Et lui a même interdit de participer à la vie de cette formation que le proscrit avait pourtant dirigée de février 2005 à janvier 2013. Traditionnellement adepte du secret, la présidence n’a fourni aucune explication pour justifier cette sanction, aussi brutale qu’humiliante. Contacté par J.A., l’intéressé a évité de commenter à chaud sa disgrâce.
Qu’est-ce qui a bien pu provoquer la chute de cet homme auquel Bouteflika semblait accorder une confiance telle qu’il lui avait confié la direction du gouvernement entre mai 2006 et juin 2008 ? À en croire un homme du sérail, Belkhadem a donné le bâton pour se faire battre.
Sa tentative de reconquérir le secrétariat général du parti en se réclamant du soutien du chef de l’État s’est soldée par un pugilat.
Il y a d’abord eu, le 24 juin à l’hôtel El Aurassi d’Alger, lors de la réunion du comité central du FLN, sa tentative de reconquérir le secrétariat général du parti en se réclamant du soutien du chef de l’État. Las, l’affaire s’est soldée par un pugilat entre les partisans de Belkhadem et ceux d’Amar Saadani, son successeur à la tête du FLN, offrant ainsi une piteuse image du parti au pouvoir.
La présidence n’a pas goûté cette initiative, d’autant que Saadani est réputé être cornaqué, sinon soutenu, par Saïd Bouteflika, le très influent frère cadet du président.
>> Lire aussi : Bouteflika, seul maître à bord ?

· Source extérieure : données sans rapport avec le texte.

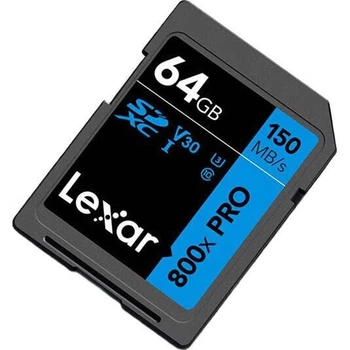 Карта памяти Lexar 800x PRO SDXC 64GB Class 10 UHS-I U3 V30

Ensuite, le chef de l’État a modérément apprécié que Belkhadem n’ait pas apporté son soutien à la participation de soldats algériens au défilé du 14 Juillet, à Paris, à l’occasion du centenaire de la Première Guerre mondiale.
Le contraire eût étonné tant il est de notoriété publique que ce nationaliste milite, à l’instar de plusieurs ténors de la "famille révolutionnaire", pour que la France fasse acte de repentance pour les crimes commis durant la colonisation entre 1830 et 1962.
Ces motifs sont certes sérieux, mais pas suffisamment graves pour expliquer le courroux présidentiel à l’égard de cet ancien professeur d’arabe, parfait francophone, qui a gravi les échelons du pouvoir jusqu’à devenir président de l’Assemblée nationale, ministre, patron de l’exécutif, chef du FLN et sherpa de Bouteflika.
Belkhadem, l’affront
Tout porte à croire que Belkhadem a signé sa perte la veille de la décision présidentielle. Imprudence, défiance ou geste délibéré pour justifier a posteriori son éviction, toujours est-il que, le 25 août, le conseiller était présent à l’université d’été du Front du changement (FC), mouvement d’opposition dirigé par un ex-ministre d’obédience islamiste.
À ce rassemblement participaient notamment les plus farouches opposants du président, les anciens chefs de gouvernement Ahmed Benbitour, Ali Benflis et Sid Ahmed Ghozali, qui, chacun à leur manière, demandent le départ de Bouteflika pour raisons de santé, défaut de légitimité ou défaillances dans la gestion des affaires du pays. Autant dire que la présence de Belkhadem à ce raout constituait un affront que la présidence a vite fait de laver.